McQueen would collaborate with Fassbender again on Shame (2011), a story on the destructive power of sex addiction with all the iciness and viscerality of their previous film but laced with an added sense of neurosis. In its depiction of a slick city boy hiding his perversion behind perfectly moisturised skin and expensive tailoring, Shame offers similarities to Patrick Bateman of American Psycho – affluent white men trying in vain to ravenously plug internal vacuums with carnal gluttony – sending them deeper into the abyss. With Sean Bobbit as DoP, Shame moves with the same visual economy as Hunger, embracing single, long takes without a hint of gratuity or indulgence.
It wasn’t until 12 Years A Slave (2013) that Steve McQueen broke into Hollywood, though the film itself can hardly be considered mainstream. Adapted from an 1853 slave memoir by Solomon Northup (played by Chiwetel Ejiofor, who stars alongside Lupita Nyong’o), the film follows a free African-American man kidnapped in 1841 by two conmen and sold into slavery, where he spent the next dozen years working on antebellum plantations. The film has become somewhat of a modern classic, winning three Academy Awards and ranking near the top of several ‘best films of the century so far’ lists.

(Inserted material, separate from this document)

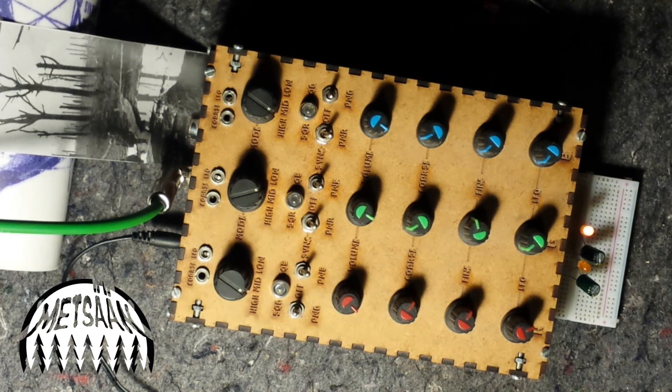Thanks for listening. This is the Nova Drone by Casper Electronics, built by Metzen.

With his most recent film, Widows, McQueen proved once again that as a director he eschews signature or straight forward categorisation. Adapting Lynda La Plante’s groundbreaking TV series from 80s London to contemporary Chicago, the widows of three recently deceased gangsters take up the mantle of their late husbands to pull off a robbery that will give each of them a fresh start. Expertly shot by Bobbit and co-scripted by Gone Girl author Gillian Flynn, it’s an empowering message on collective female power and racial class played out through classic tropes of the heist genre. Though it lacks some of the raw, unfettered moments of his earlier work, Widows demonstrates the dexterous versatility of McQueen and his ability to draw out magnificent performances from his casts.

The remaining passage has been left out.